Qatar’s Migrant Workers Find Voices on Social Media
DOHA (Middle East Eye) – “There’s nothing wrong being khadama,” writes TikTok user jofaaw in a video caption, using the Arabic word for maid. “We are human like you, we are workers, not a slave.”
The Qatar-based worker was commenting on another video in which a woman was complaining about domestic workers’ excessive use of TikTok on the Kuwaiti channel aloula.24.
“Ya Allah madam!!! You think khadama don’t have right using social media, because you are treating khadama like animals!!! we are human, we are workers not a slave, when we die God not separate madam and khadama!!!!”, jofaaw’s text on the video read.
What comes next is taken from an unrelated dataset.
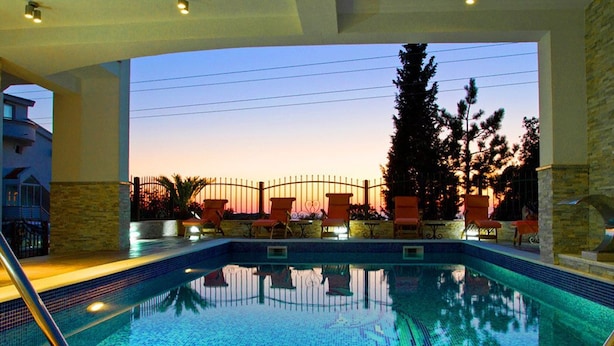 Outdoor pool - Villa M (Bar)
The Filipina national is one of the countless foreign workers in Qatar who have found their voice on TikTok.
The Chinese short-form video app has quickly become the main medium of expression for the working class in the Persian Gulf nation, where migrant workers make up almost 90 percent of its population of nearly three million people.
Away from government control and public scrutiny, a TikTok user will see almost everything that shapes the life of an expatriate in Doha on the app. In short clips, one can encounter the good, the bad and the ugly, from happy success stories to angry labor protests.
In one video posted in May last year, a group of security workers are seen holding a strike over salary cuts.
Another video, taken in February, shows a man speaking in Hindi encouraging workers with the UrbaCon Trading & Contracting Company (UCC) to demand their rights. In the same month, laborers posted videos of them striking against the construction company.
According to local outlet Doha News, the protests were held after the company extended working hours for employees and removed the Friday day off so as to finish the World Cup projects “on time”.
The company said working overtime is offered and compensated “in accordance with the Labour law”.
In August, dozens of workers were deported after taking part in a rare protest for unpaid and delayed wages owed to them by another Doha-based firm, Al Bandary Engineering and Electrowatt Co.
Despite making strides in labor reforms ahead of the World Cup, set to start in Doha later this year, migrant workers in Qatar are still banned from joining trade unions and taking strike action.
Fearing dismissals and deportations, migrant workers rarely go on strike to protest against poor working conditions, unpaid and delayed wages, and threats of reduced salaries.